Permeability prediction from MICP and NMR data using an electrokinetic approach

The accurate modeling of oil, gas, and water reservoirs depends fundamentally upon access to reliable rock permeabilities that cannot be obtained directly from downhole logs. Instead, a range of empirical models are usually employed. We propose a new model that has been derived analytically from electrokinetic theory and is equally valid for all lithologies. The predictions of the new model and four other common models (Kozeny-Carman, Berg, Swanson, and van Baaren) have been compared using measurements carried out on fused and unfused glass bead packs as well as on 91 rock samples representing 11 lithologies and three coring directions.

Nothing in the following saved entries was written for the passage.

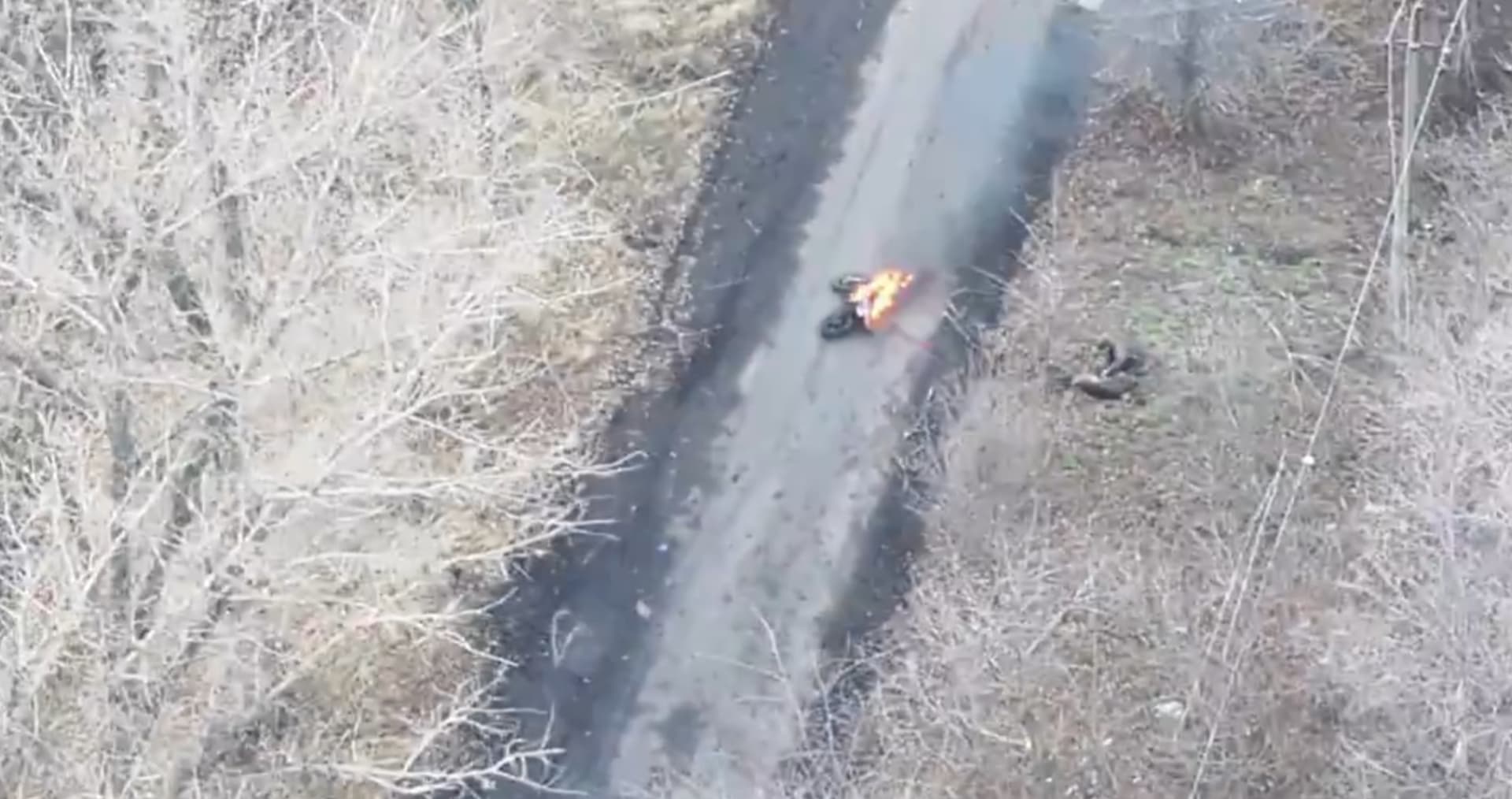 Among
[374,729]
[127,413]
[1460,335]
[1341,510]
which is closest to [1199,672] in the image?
[1341,510]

The new model provides the best predictions for the glass bead packs as well for all the lithologies. The crux of the new model is to have a good knowledge of the relevant mean grain diameter, for example, from MICP data. Hence, we have also predicted the permeabilities of 21 North Sea well cores using all five models and five different measures of relevant grain size. These data show that the best predictions are provided by the use of the new model with the geometric mean grain size. We have also applied the new model to the prediction of permeability from NMR data of a 500 m thick sand-shale succession in the North Sea by inverting the T2 spectrum to provide a value for the geometric mean grain size. The new model shows a good match to all 348 core measurements from the succession, performing better than the SDR, Timur-Coates, HSCM, and Kozeny-Carman predictions.